Zwischenfrüchte und Untersaaten sind meist bunte Pflanzmischungen und haben gleich mehrere Aufgaben:

  • Beschatten den Acker, das schützt das wichtige Bodenleben vor Hitze
  • Verringern das Wegschwemmen von Erdmasse (Erosion) um 22 Prozent
  • Wasser aus dem Boden verdunstet weniger
  • Bieten mit Blütenvielfalt Insekten Futter und Unterschlupf
  • Bringen ordentlich Nährstoffe zurück in den Boden

Nach dem Verwelken arbeiten Bioland-Bäuerinnen und -Bauern die organische Masse in den Acker, die dort von Regenwurm und Co. zersetzt werden kann. So erhält der Boden frische Nährstoffe für die nächste Hauptkultur.
Wo die pflanzliche Düngung nicht reicht, springen tierische Dünger ein. Von Hühnerkot über Rinderdung bis zur Jauche von Schweinen nutzen Biobauern die Hinterlassenschaften ihrer Hoftiere, um den Ackerboden und das Bodenleben fit zu halten.

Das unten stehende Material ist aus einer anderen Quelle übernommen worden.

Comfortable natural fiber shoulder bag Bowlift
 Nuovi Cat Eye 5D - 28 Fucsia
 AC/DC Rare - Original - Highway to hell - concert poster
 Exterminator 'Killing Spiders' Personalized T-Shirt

Belebter und fruchtbarer Boden

Der Boden ist ein Hochleistungsorgan und die Grundlage der ökologischen Landwirtschaft. Denn er ist nicht nur die Basis für den Pflanzenanbau, sondern auch ein wichtiger Faktor beim aktiven Klimaschutz. Ein gesunder Boden ...

  • speichert Wasser und puffert so extreme Niederschläge oder Trockenperioden ab
  • speichert Nährstoffe und stellt sie Pflanzen zur Verfügung
  • schützt vor Erosion
  • bietet dem Bodenleben wichtigen Lebensraum
  • filtert Schadstoffe

Besonders wertvoll ist Boden, wenn er sehr humushaltig ist, also aus viel fein zersetzter organischer Substanz besteht. Während der obere Nährhumus für die kurzfristige Ernährung der wachsenden Pflanze verantwortlich ist, speichert der tiefer liegende Dauerhumus wichtige Nährstoffe dauerhaft.


Dabei kann er nicht nur das Fünffache seines Gewichts an Wasser aufnehmen, er ist auch ein hervorragender Kohlenstoffsammler und so eine Antwort auf die Klimakrise. Sinkt der Vorrat an organischem Kohlenstoff im Boden, wird das Treibhausgas Kohlendioxid (CO2) freigesetzt, nimmt der Vorrat zu, wird CO2-Kohlenstoff gebunden.

Wie Bioland-Bauern und -Bäuerinnen Humus langfristig aufbauen, liest du demnächst hier im Blog.

Kleegras: Kleine Pflanze – große Wirkung

Kaum eine Pflanze steht symbolisch so für den organisch-biologischen Anbau wie das Kleegras. Dieser orientiert sich an geschlossenen Stoffkreisläufen. Das ist besonders umwelt- und ressourcenschonend. Ein entscheidender Teil dieser Stoffkreisläufe auf dem Acker ist die Fruchtfolge: Ackerfrüchte werden so im Wechsel angebaut, dass dem Boden Nährstoffe entzogen und wieder zugeführt werden. Nach einem mehrjährigen Zyklus verschiedener Ackerfrüchte bauen Bioland-Betriebe zwei bis drei Jahre hintereinander Leguminosen wie Kleegras an. Diese Pflanzenart ist eine echte Klimaretterin: Zum einen speichert sie sehr viel Stickstoff aus der Luft in ihren Wurzeln. Zudem wird das Bodenleben aktiviert. Im Laufe der Jahre verbleibt immer mehr Stickstoff in Form organischer Masse im Boden, Humus wird aufgebaut. Das Kleegras selbst geht als gutes eiweißreiches Raufutter an Rinder, das spart wiederum Kraftfutter und Futterimporte. Noch ein Plus: Durch den mehrjährigen Anbau unterdrückt Kleegras besonders effektiv die Entwicklung von Unkraut. Das ermöglicht den Anbau ohne Pestizide. Eine kleine Pflanze, die enorm viel leistet!